The undersea cable business unit of Reliance Communications Ltd, Flag Telecom Group Ltd, plans to increase its revenues from non-bandwidth services to try and improve its operating profit margins through services such as data hosting.

Telecom bandwidth has been the traditional revenue stream for the company and constitutes about 50% of total sales. However, the business has a lower operating profit margin of 12-15%, whereas network services and value-added offerings, such as managed network services, have margins of at least 30%.

Managed network services involve running company networks and associated applications across multiple locations rather than just provide the bandwidth.

Closely-held Flag does not disclose financial results. Reliance, which acquired Flag in 2003, clubs all international revenues without breaking out the cable firm’s results.

“Capacity (bandwidth) services with the new wave of next generation network will be a big push for next two to three years," said Jarrett Appleby, chief strategy and marketing officer of Flag in a recent phone interview. “But real focus would be on connectivity and managed services suite; bulk of our growth investments will be going for that."
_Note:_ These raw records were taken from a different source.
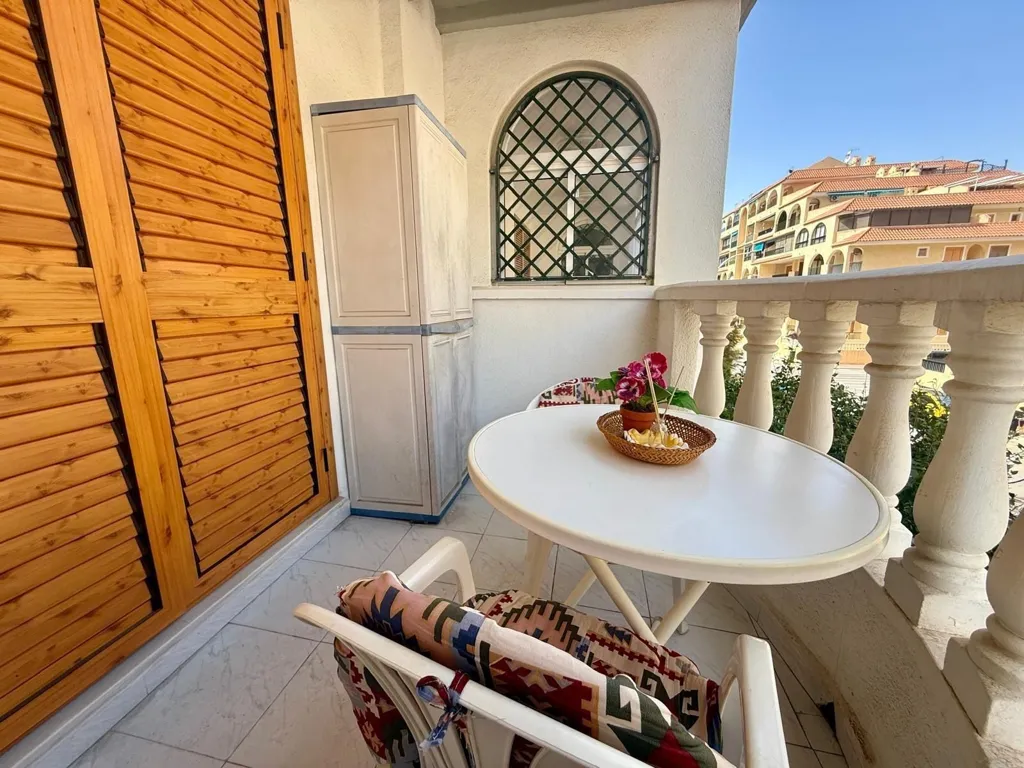Balcony - 1-Bedroom Apartment with Pool in Torrelamata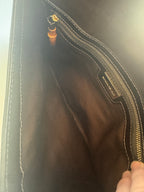 Zipper closure inside pocket of Banana Republic clutch with bamboo zipper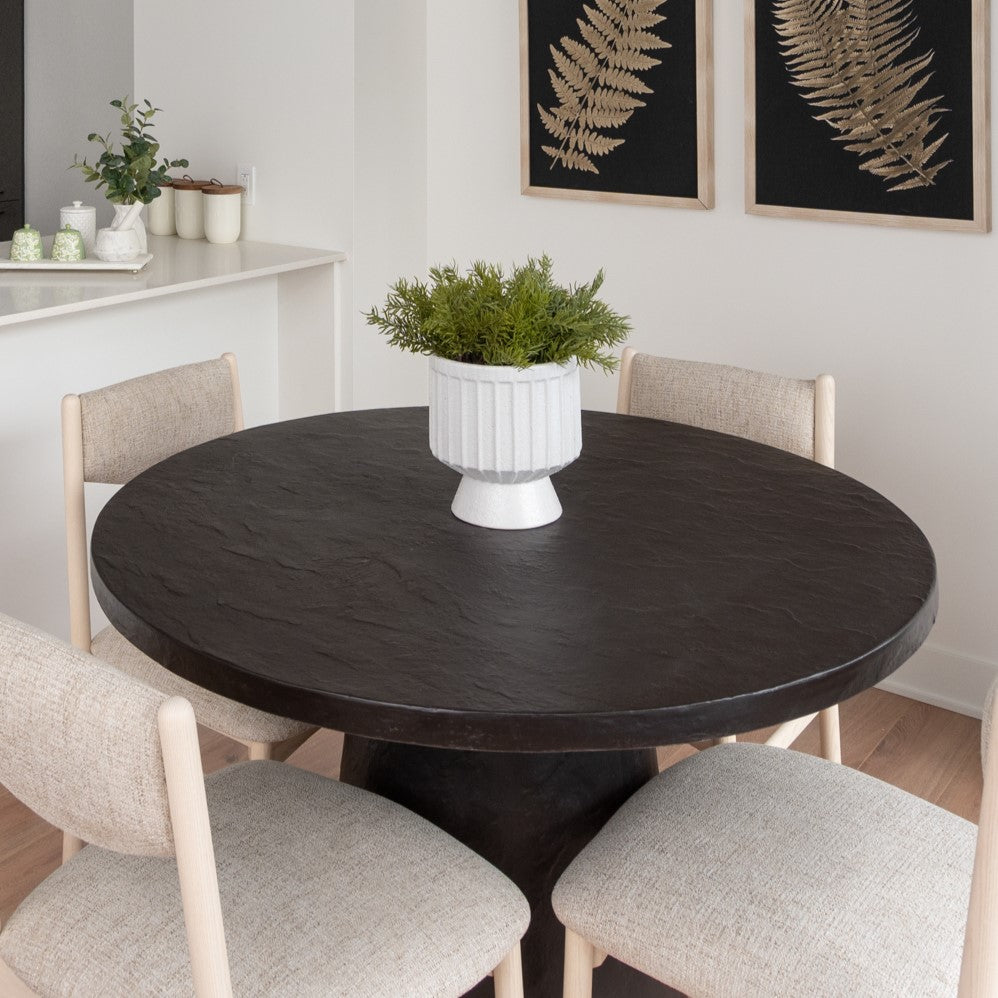 Round black wooden contemporary dining table with light contrast modern dining chairs. Styled with white vase full of greenery and leaf nature inspired wall art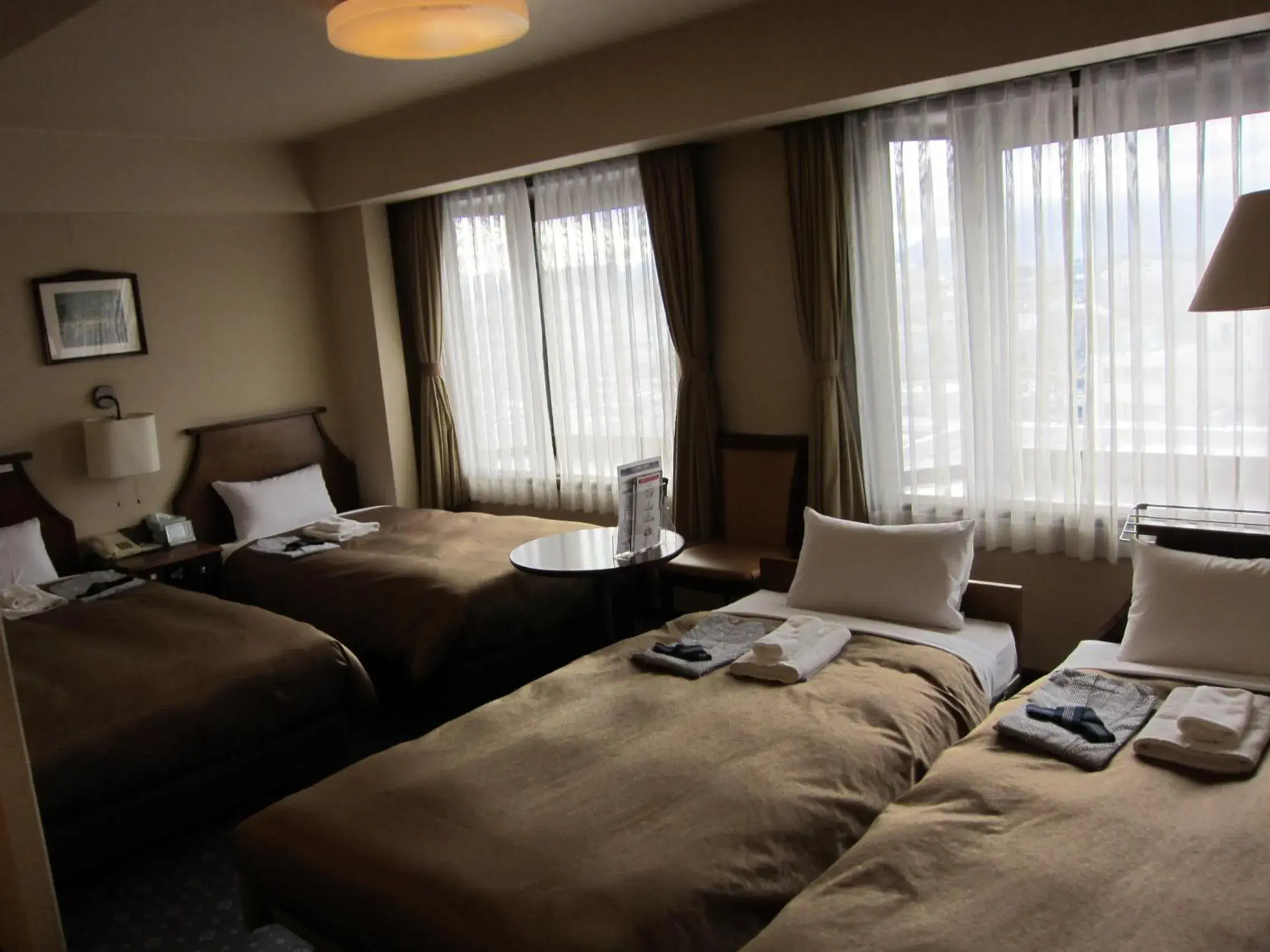 Photo of the whole room, Bed in Hotel New Station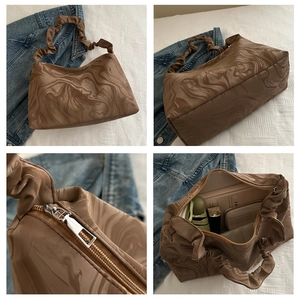 Detail of coffee marble pattern bag featuring ruched handle and silver zipper closure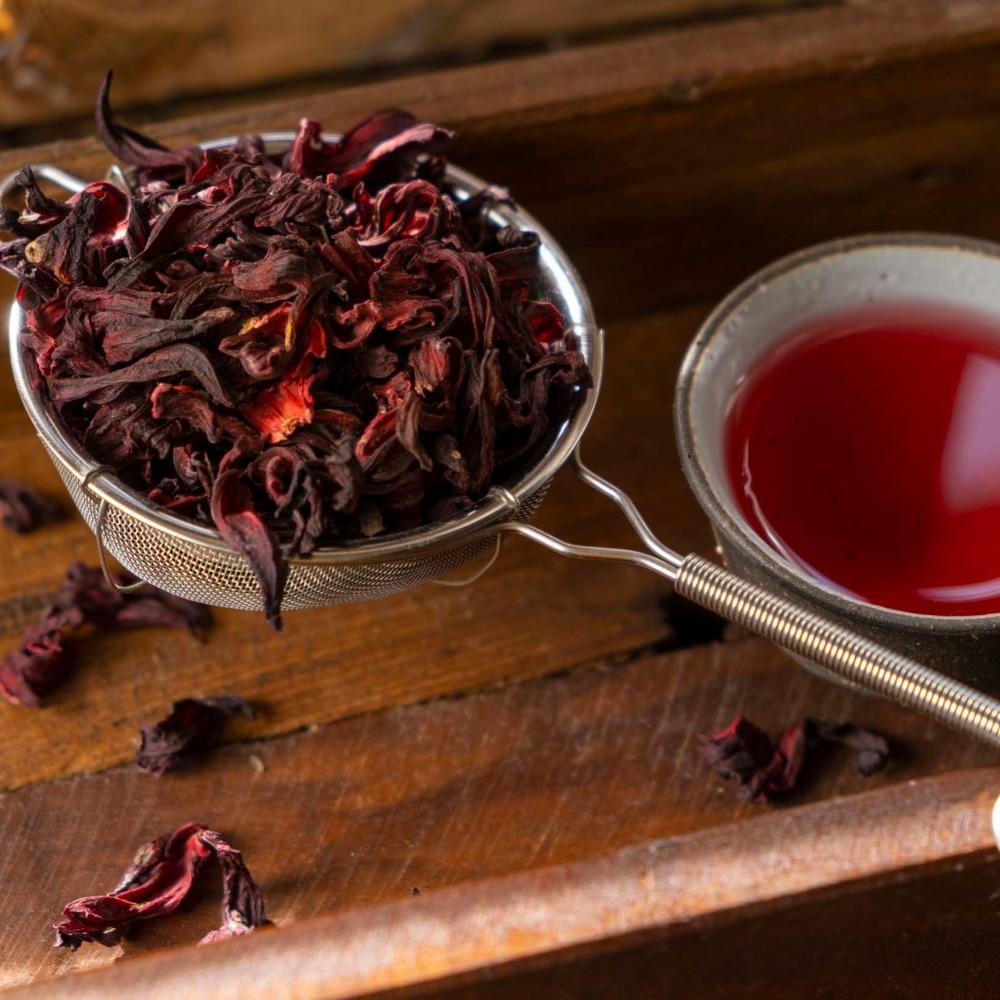 Metall-Teesieb mit getrockneten dunkelroten Hibiskusblüten über einem Holztablett mit einer Steintasse voller leuchtend rotem Hibiskustee.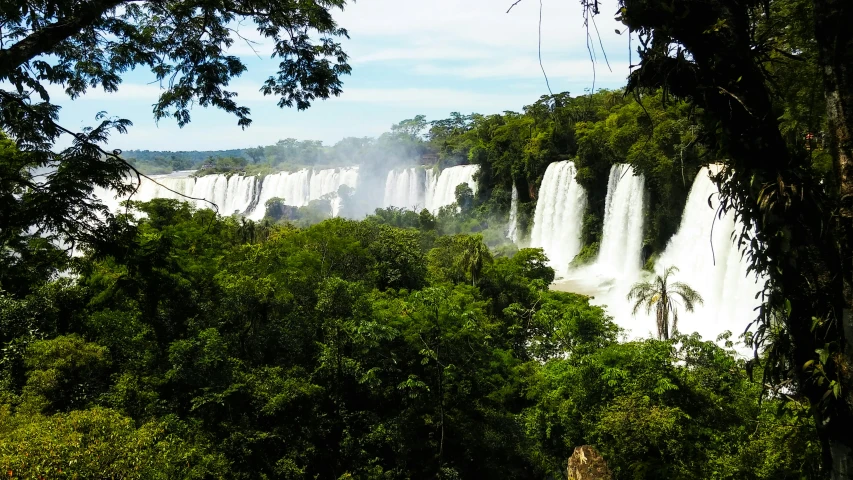 a waterfall surrounded by trees in the background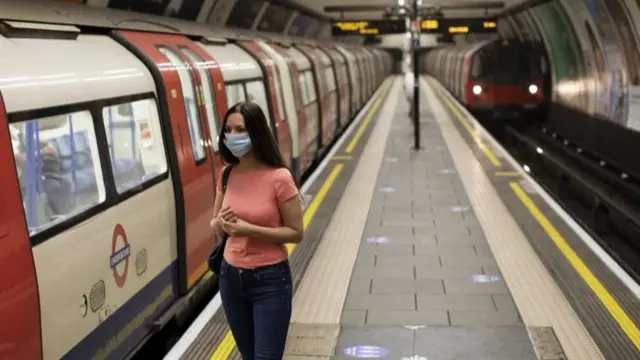 A woman wears a face covering on public transport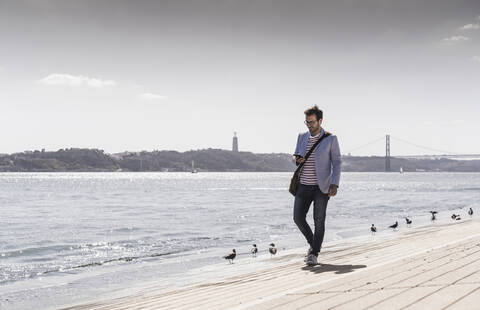 Young man walking on the waterfront using cell phone stock photo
The company aims to have an equal revenue contribution from bandwidth services, network services and managed services in two years Flag, which has 65,000km of undersea cable, plans to add 50,000km of optic cable to its network by 2010 with capital expenditure of $1.5 billion (Rs5,925 crore). The firm had earlier planned an initial public offering (IPO) in 2007 but the plan was postponed after a recent acquisition. “The formalities of Yipes acquisition will be over this week; and we will be bringing the IPO some time next year," said Punit Garg, president of the firm.